Tuesday, October 14, 2008

Why are there no seatbelts in buses

So why aren't there seatbelts in US motorcoaches?

There are no seatbelts in US buses because it was not required by US Department of Transportation, for several reasons:

* USDOT, and its sister organization, FMCSA, have concluded that seatbelts do not significantly add safety for the cost they incur. Seatbelts are basically only useful to prevent ejections, which only occurs in overturn/rollovers. Statistics for past 10 years show that rollovers occur roughly 29% of motorcoach crashes that is tracked by FMCSA, and only 50 fatatalies in the past 10 years (as of 2006) due to ejection, and the potential cost of retrofitting seatbelts to buses is in the BILLIONS. The money is better spend elsewhere, such as reduce greenhouse gases and so on.

* Ejection can be prevented by designing better window latches and roof exit latches as well. Remember, there can be up to 61 seats (more if you're dealing with double-decks, articulated buses, and so on) and that's 122 more pieces that needs to be checked daily. For windows and exits, there are just a few on a bus.
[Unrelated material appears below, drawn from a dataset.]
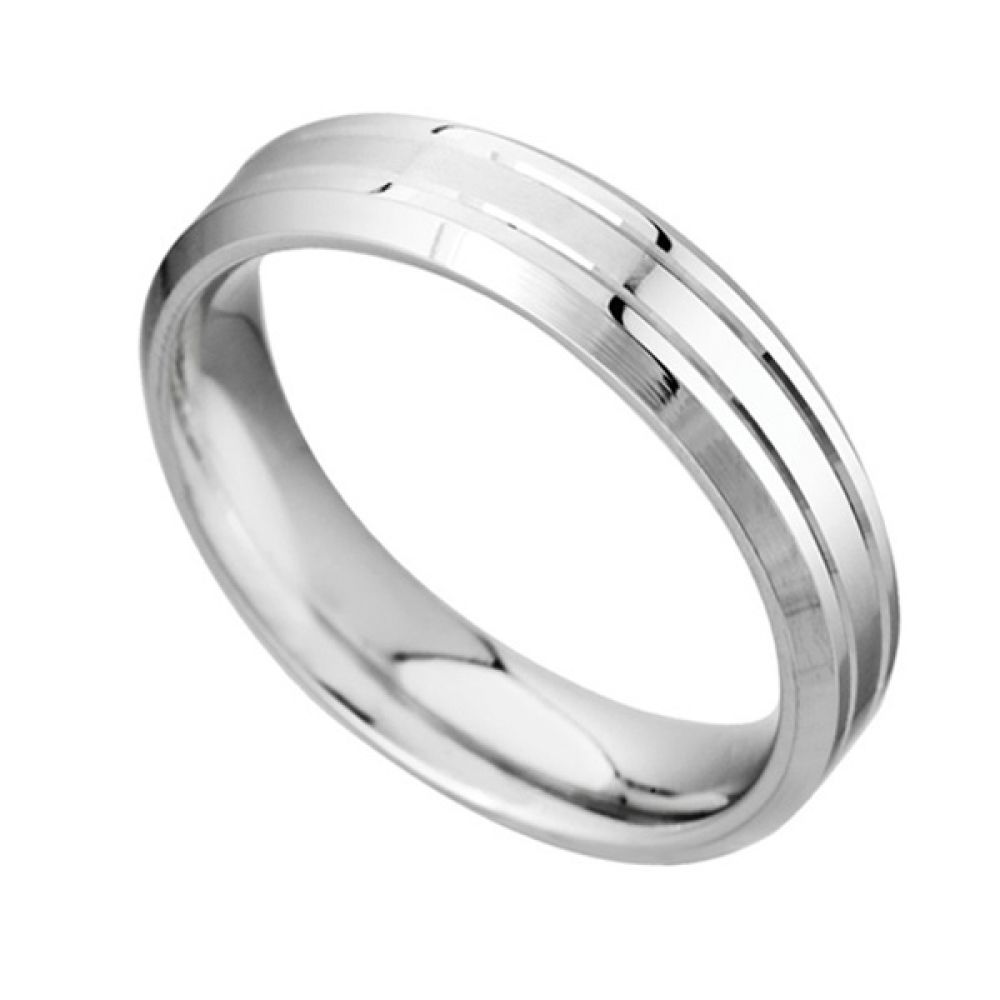 Men's 6mm Patterned Palladium Wedding Ring Men's 6mm Patterned Palladium Wedding Ring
And no one has yet to design a seatbelt that fits a baby all the way up to a 300+ pound human.

* Buses, esp. motorcoaches with the luggage space under the seats, are high enough off the ground that only impact with a fixed object or vehicle of similar size (big rig, another bus, etc.) would affect the passenger cabin.

* Fire is more of a danger to buses, esp. when those onboard are seniors. In 2005, a bus carrying Katrina refugees caught fire when rear brakes locked. The ensuing fire generated thick black smoke that killed several evacuated seniors from a nursing home despite the best efforts of onlookers and the driver to fight the fire and evacuate the passengers. If there are seatbelts, one can only imagine even WORSE confusion.

While both Europe and Australia have seatbelt requirements, they differ somewhat, and so far USDOT shows no plan to adopt either standard. They believe better window glazing and locking mechanism is more likely to prevent ejection of passengers in case of rollover.

USDOT is also looking forward to recommend roll stability control computers in all larger vehicles, but that is still in study phases.

Drivers are supposed to remember that their vehicle does not turn on a dime, and hitting things doesn't always hurt the bus a lot, and preventing rollovers is more important than avoiding collisions.